* _Action item_:
Output the data below line for line, exactly, up to and including the line where "2005 TOYOTA CAMRY" appears.

(Web page caption snippets)
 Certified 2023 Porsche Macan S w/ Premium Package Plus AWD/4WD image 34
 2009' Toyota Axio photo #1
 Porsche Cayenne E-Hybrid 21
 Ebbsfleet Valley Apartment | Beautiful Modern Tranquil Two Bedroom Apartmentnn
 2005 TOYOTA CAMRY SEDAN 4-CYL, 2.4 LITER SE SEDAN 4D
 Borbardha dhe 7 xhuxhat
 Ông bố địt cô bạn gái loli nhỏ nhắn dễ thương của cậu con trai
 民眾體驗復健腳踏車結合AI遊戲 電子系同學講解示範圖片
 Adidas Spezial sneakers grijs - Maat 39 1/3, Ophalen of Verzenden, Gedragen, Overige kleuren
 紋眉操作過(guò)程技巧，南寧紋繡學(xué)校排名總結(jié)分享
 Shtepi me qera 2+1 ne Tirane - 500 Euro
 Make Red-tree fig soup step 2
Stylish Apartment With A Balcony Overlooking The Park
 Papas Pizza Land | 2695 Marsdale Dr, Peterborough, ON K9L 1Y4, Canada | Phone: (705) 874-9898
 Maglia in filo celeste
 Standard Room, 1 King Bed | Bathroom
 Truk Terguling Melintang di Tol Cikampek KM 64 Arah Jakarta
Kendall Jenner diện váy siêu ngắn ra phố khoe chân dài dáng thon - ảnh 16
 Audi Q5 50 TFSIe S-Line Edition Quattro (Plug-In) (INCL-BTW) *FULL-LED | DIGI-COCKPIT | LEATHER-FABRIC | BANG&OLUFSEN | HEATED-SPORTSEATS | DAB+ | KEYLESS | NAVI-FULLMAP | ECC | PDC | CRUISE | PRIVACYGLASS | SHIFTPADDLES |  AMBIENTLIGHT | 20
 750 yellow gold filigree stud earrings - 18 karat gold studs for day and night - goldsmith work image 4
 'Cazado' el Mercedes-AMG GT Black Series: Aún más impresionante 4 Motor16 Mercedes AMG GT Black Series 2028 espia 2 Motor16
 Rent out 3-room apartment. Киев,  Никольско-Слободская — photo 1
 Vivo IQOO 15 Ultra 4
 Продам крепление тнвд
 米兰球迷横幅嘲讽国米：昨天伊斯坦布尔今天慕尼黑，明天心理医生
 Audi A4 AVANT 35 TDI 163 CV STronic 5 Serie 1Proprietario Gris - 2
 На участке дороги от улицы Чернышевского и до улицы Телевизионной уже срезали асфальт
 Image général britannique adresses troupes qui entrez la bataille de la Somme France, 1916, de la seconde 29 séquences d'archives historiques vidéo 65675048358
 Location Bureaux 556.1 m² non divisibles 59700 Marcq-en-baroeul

* _Answer box_:
 Certified 2023 Porsche Macan S w/ Premium Package Plus AWD/4WD image 34
 2009' Toyota Axio photo #1
 Porsche Cayenne E-Hybrid 21
 Ebbsfleet Valley Apartment | Beautiful Modern Tranquil Two Bedroom Apartmentnn
 2005 TOYOTA CAMRY SEDAN 4-CYL, 2.4 LITER SE SEDAN 4D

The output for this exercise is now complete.